Lasciate un messaggio

Il dominio assoluto delle batterie al litio
Attualmente, circa il 90% del mercato dei droni utilizza batterie al litio, di cui le batterie ai polimeri di ioni di litio (LiPo) rappresentano la quota maggiore. Queste batterie sono caratterizzate da un’elevata densità di energia (200-300 Wh/kg) e da forti capacità di scarica (sostenendo velocità di scarica continua superiori a 5°C), soddisfacendo così i duplici requisiti dei droni sia per il design leggero che per la potenza robusta. Un ottimo esempio si trova nei tradizionali droni di fascia consumer-, che raggiungono durate di volo di 20-30 minuti proprio facendo affidamento su pacchi batteria LiPo 3S-6S (11,1 V-22,2 V).

 

Confronto di tre tecnologie di batterie
Batterie al nichel-idruro metallico (NiMH): a basso costo, ma con una densità di energia di soli 60–120 Wh/kg; utilizzato principalmente nei droni giocattolo entry-level.

Batterie ai polimeri di ioni di litio (LiPo): consentono design dal profilo sottile e supportano la scarica a corrente elevata; la scelta preferita per i droni da corsa.

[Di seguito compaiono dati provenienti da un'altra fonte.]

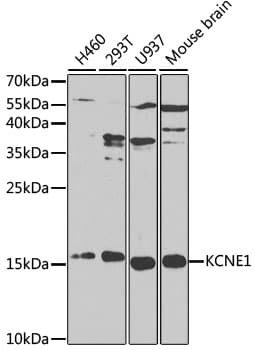 Polyclonal Rabbit anti-Human KCNE1 / MinK Antibody (IHC, WB)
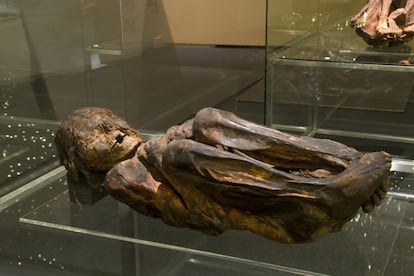 El TAC aplicado a las momias puede contar muchas cosas. Por ejemplo, cómo murió el hombre o mujer embalsamado. En el caso de la imagen, una momia andina del siglo VI d.C., su fallecimiento probablemente se debió a diversas fracturas craneales.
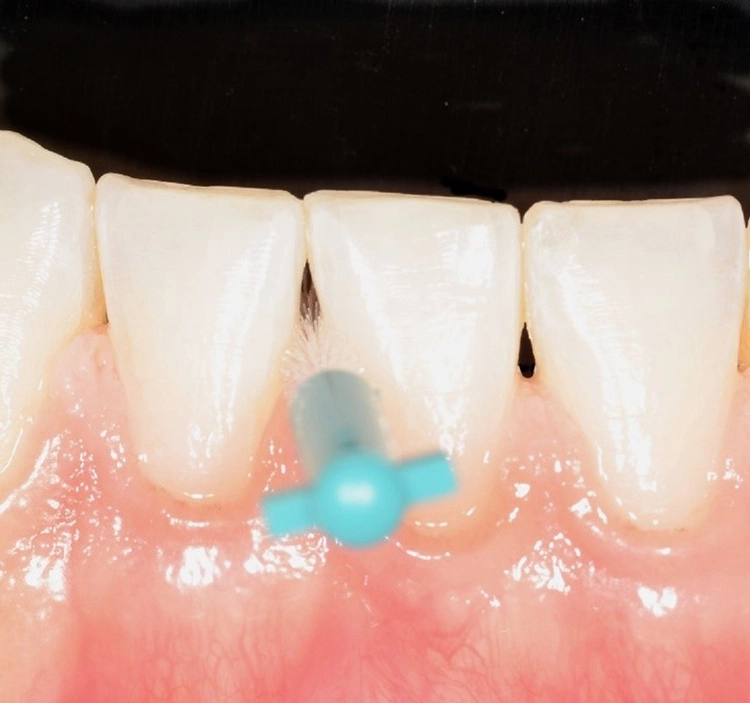 Abb. 2: Auswahl der passenden Interdentalraumbürste.
a) zu klein: CPS 06 prime, PHD = 0,6 mm. Die Interdentalraumbürste füllt den Interdentalraum nicht aus und lässt sich drucklos ein- und ausführen.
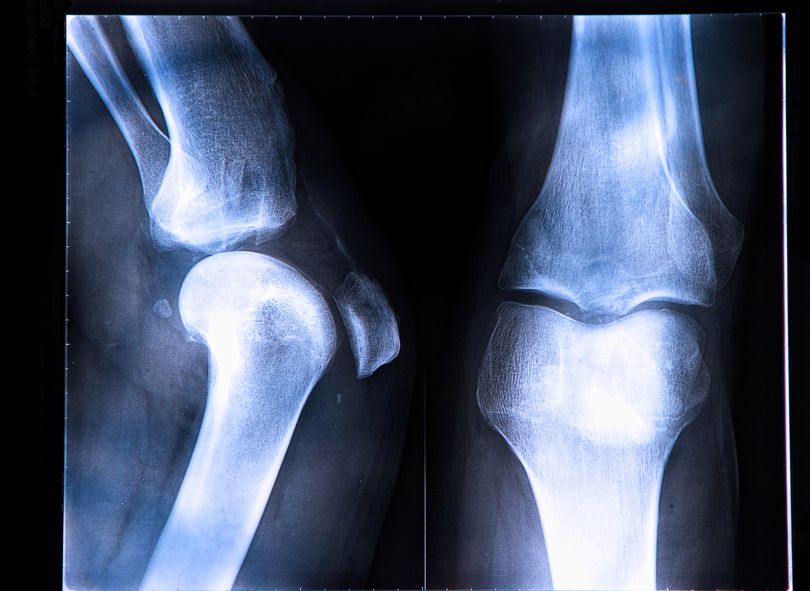 New Hope for ACL Injuries PLUS GHRP6 to Cure GERD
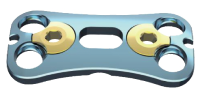Anterior Cervical Plate I – 4 holes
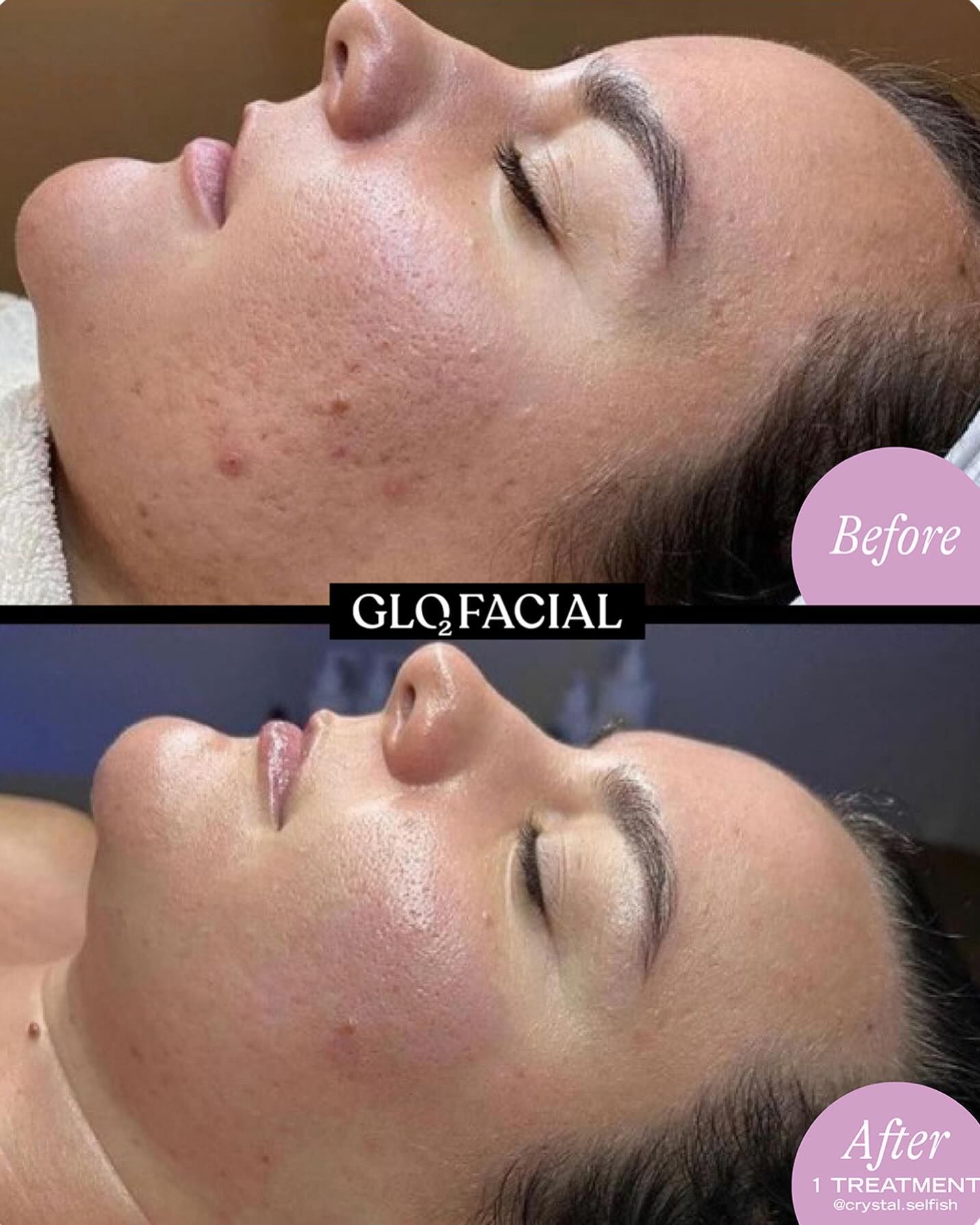 Before-and-after side profile of a facial treatment on a resting person, with “Before” and “After” labels.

Batterie agli ioni di litio-: offrono un ciclo di vita più lungo (superiore a 500 cicli) e si trovano comunemente in applicazioni professionali, come rilevamento e mappatura.

 

Tendenze future dello sviluppo tecnologico
I dati di laboratorio relativi alle batterie allo stato solido- hanno già dimostrato densità di energia superiori a 400 Wh/kg; tuttavia, il loro costo attuale rimane da 8 a 10 volte quello delle batterie LiPo. Le celle a combustibile a idrogeno hanno già trovato applicazione nei droni militari che richiedono una lunga autonomia di volo, anche se le sfide relative allo stoccaggio dell’idrogeno devono ancora essere risolte. Nel breve termine, si prevede che le batterie al litio migliorate con anodi di silicio fungeranno da soluzione transitoria, con una densità energetica prevista in aumento di circa il 30% entro i prossimi tre anni.